(HOW TO COMPLETE THIS TASK) Beginning at the line containing "Interupator Berker - maro", repeat each line below exactly up to and including the line containing "Toàn Dân Chuyển". Do not repeat the pictures.

(INPUT RECORDS)
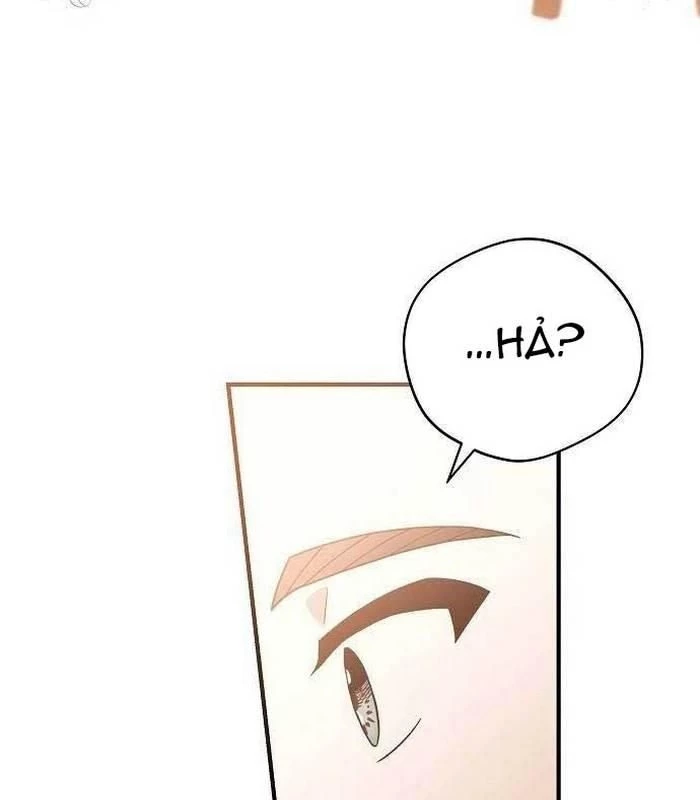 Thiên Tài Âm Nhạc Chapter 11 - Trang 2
---
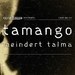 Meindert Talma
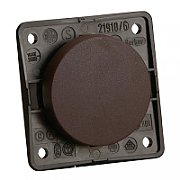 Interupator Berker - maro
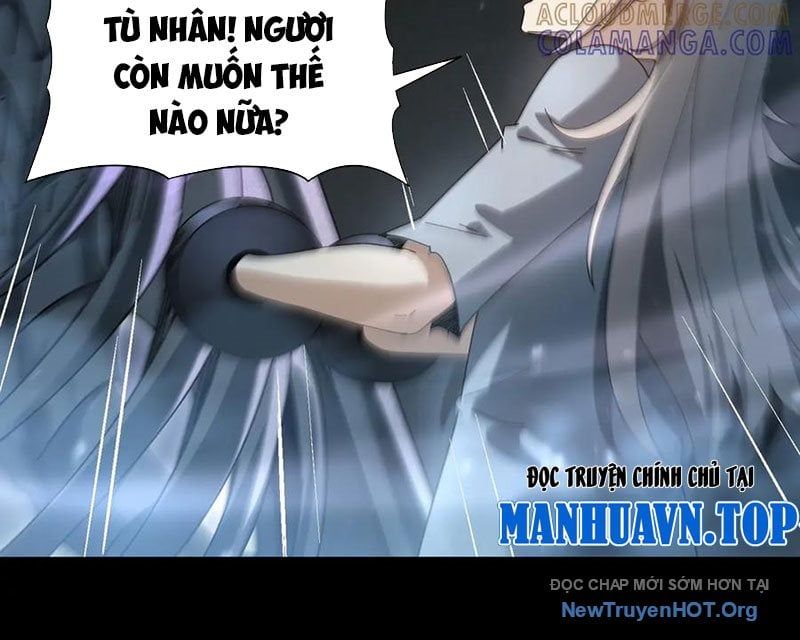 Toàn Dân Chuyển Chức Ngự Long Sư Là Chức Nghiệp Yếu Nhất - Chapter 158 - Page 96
---
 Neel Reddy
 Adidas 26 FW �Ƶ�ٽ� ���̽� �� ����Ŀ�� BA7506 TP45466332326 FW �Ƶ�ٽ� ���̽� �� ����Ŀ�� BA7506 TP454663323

(YOUR RESPONSE)
 Interupator Berker - maro
 Toàn Dân Chuyển Chức Ngự Long Sư Là Chức Nghiệp Yếu Nhất - Chapter 158 - Page 96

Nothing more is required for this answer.